Let's see how it works in practice. Please refer to the documentation (https://pandas.pydata.org/docs/reference/api/pandas.DataFrame.isna.html) of the `isna()` function and apply it on the `movies_df` dataframe. Can you intepret the results?

In [None]:
movies_df.isna()

The function works on a row-level. You will see its difficult to interpret the results. 


    The output is large (1000 rows × 11 columns).

    To find out which columns have missing values, you'd have to manually scan the entire table.



We can aggregate the results to check which columns have missing values.

How do we aggregate the results?

### `any()`

`any()` returns True for a column if any value in that column is missing. So now use the `any()` function with the `isna()` function to find out which columns of `movies_df` have missing values. 

In [None]:
#write your code here


Which columns have missing values? 

### `sum()`

The `sum()` function returns the sum of all the values. For boolean values, `True` is treated as `1` and `False` as `0`. So we can use `sum()` to count the number of `True` values. So how many missing values are there in each column? 

In [None]:
#write your code here


# Handling Missing Values

We have seen that there are missing values in our dataset. But how do we deal with them?

It is important to think about what a *missing value* means in the context of our dataset. For instance, if a Metascore is missing, it could mean that the movie was not rated by the Metacritic website.  If a Revenue value is missing, it could mean that the movie was not released yet or simply that the information is not available.

With that in mind, we have two main options to handle missing values: removing or filling them. 

The best one depends on the situation and on the dataset. 

### Option 1: Remove the rows with missing values

We can assume that if a value is missing, the entire row is not useful for our analysis. For example, if we are calculating the average Metascore per genre and a movie is missing its Metascore, it makes sense to exclude that movie from the calculation.

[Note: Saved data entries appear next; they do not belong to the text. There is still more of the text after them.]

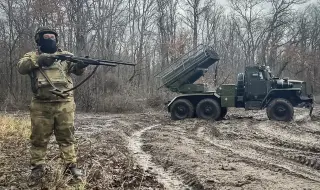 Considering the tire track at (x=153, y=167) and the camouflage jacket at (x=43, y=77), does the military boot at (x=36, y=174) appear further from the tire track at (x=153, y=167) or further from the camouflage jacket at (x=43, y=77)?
the tire track at (x=153, y=167)

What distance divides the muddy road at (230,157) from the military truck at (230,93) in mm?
Result: 2773

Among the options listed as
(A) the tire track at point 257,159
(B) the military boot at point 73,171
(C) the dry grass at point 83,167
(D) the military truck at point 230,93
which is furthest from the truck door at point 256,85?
(B) the military boot at point 73,171

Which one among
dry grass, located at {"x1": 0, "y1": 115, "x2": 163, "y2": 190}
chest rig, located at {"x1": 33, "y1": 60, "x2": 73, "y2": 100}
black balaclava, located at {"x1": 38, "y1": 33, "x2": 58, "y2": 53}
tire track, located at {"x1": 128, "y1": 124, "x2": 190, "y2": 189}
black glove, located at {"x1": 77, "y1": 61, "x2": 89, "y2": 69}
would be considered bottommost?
tire track, located at {"x1": 128, "y1": 124, "x2": 190, "y2": 189}

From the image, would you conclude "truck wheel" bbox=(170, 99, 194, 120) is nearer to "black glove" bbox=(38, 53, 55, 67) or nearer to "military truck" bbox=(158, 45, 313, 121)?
"military truck" bbox=(158, 45, 313, 121)

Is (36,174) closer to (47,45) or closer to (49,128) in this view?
(49,128)

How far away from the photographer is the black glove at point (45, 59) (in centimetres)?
447

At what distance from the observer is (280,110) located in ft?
44.5

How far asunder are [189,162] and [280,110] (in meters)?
8.43

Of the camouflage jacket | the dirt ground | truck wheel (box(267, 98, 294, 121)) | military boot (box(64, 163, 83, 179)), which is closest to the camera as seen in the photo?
military boot (box(64, 163, 83, 179))

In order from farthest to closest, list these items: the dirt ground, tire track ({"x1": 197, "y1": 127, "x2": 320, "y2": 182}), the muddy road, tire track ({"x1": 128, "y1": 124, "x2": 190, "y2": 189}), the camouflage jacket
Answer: tire track ({"x1": 197, "y1": 127, "x2": 320, "y2": 182}) < tire track ({"x1": 128, "y1": 124, "x2": 190, "y2": 189}) < the muddy road < the dirt ground < the camouflage jacket

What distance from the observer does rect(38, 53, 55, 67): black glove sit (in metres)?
4.47

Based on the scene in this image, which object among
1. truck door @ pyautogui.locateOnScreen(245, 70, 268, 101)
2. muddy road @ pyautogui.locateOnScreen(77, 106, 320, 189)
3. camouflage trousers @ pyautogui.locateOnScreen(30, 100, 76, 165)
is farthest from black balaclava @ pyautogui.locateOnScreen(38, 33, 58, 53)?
truck door @ pyautogui.locateOnScreen(245, 70, 268, 101)

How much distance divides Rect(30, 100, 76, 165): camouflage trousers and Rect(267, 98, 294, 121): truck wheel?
10439mm

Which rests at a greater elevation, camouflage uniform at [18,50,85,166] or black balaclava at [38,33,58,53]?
black balaclava at [38,33,58,53] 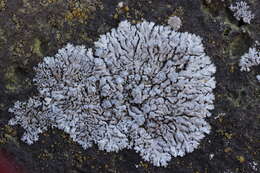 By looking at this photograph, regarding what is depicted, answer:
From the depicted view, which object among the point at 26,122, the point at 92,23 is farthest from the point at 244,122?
the point at 26,122

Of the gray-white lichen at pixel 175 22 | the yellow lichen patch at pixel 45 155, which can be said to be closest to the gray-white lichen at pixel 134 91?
the gray-white lichen at pixel 175 22

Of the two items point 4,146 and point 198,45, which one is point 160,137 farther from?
point 4,146

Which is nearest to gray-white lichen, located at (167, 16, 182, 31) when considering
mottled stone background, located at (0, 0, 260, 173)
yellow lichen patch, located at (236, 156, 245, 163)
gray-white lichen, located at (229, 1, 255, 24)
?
mottled stone background, located at (0, 0, 260, 173)

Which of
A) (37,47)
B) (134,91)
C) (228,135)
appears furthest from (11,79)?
(228,135)

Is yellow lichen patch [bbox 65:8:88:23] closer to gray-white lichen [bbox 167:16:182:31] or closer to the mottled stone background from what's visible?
the mottled stone background

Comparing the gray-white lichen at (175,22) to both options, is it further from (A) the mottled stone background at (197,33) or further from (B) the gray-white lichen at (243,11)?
(B) the gray-white lichen at (243,11) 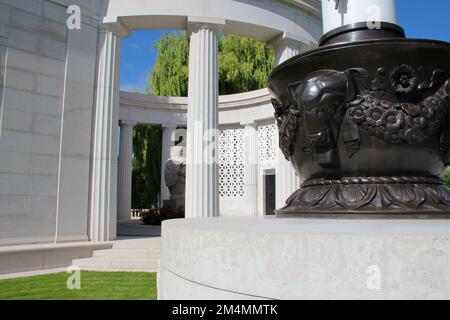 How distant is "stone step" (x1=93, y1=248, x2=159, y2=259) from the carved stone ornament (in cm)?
826

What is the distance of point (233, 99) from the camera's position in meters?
24.8

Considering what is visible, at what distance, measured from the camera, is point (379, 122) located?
12.6 feet

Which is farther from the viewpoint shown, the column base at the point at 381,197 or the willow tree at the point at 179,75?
the willow tree at the point at 179,75

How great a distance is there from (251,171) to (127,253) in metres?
13.8

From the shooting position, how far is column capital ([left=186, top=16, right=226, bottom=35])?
14.0 m

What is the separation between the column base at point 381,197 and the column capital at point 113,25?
11.7 m

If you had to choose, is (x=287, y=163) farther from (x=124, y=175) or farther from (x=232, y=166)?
(x=124, y=175)

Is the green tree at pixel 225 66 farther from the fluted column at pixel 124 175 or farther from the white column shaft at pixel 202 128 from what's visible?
the white column shaft at pixel 202 128

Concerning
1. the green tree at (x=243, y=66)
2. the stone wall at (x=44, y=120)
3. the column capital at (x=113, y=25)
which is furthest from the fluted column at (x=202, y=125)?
the green tree at (x=243, y=66)

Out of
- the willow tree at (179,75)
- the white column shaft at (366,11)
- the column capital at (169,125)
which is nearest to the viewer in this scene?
the white column shaft at (366,11)

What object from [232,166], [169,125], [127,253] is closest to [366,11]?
[127,253]

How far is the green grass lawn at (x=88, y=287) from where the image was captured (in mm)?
7414

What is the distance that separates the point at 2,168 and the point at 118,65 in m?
5.46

We can remove the rows with missing values using the `dropna()` function.

`dropna()` has a `how` parameter that can be set to `any` or `all`. The default value is `any`, which means that a row will be removed if any of its values are missing. If we set it to `all`, a row will be removed only if all of its values are missing.

Let's try it out and remove all the rows with any missing values.

In [None]:
movies_df.dropna(how="any")

We can also remove all rows with missing values in specific columns. For that, we can use the `subset` parameter and pass a list of column names.

Let's remove all rows with missing values in the `Revenue (Millions)` column.

In [None]:
movies_df.dropna(subset=["Revenue (Millions)"], how="any")

Remember that unless we set `inplace=True`, we are not modifying the original DataFrame. So we either need to assign the result to a new variable or set `inplace=True`.

### Option 2: Fill the missing values

Another option is to fill the missing values with some other value. This is useful if we want to keep all rows.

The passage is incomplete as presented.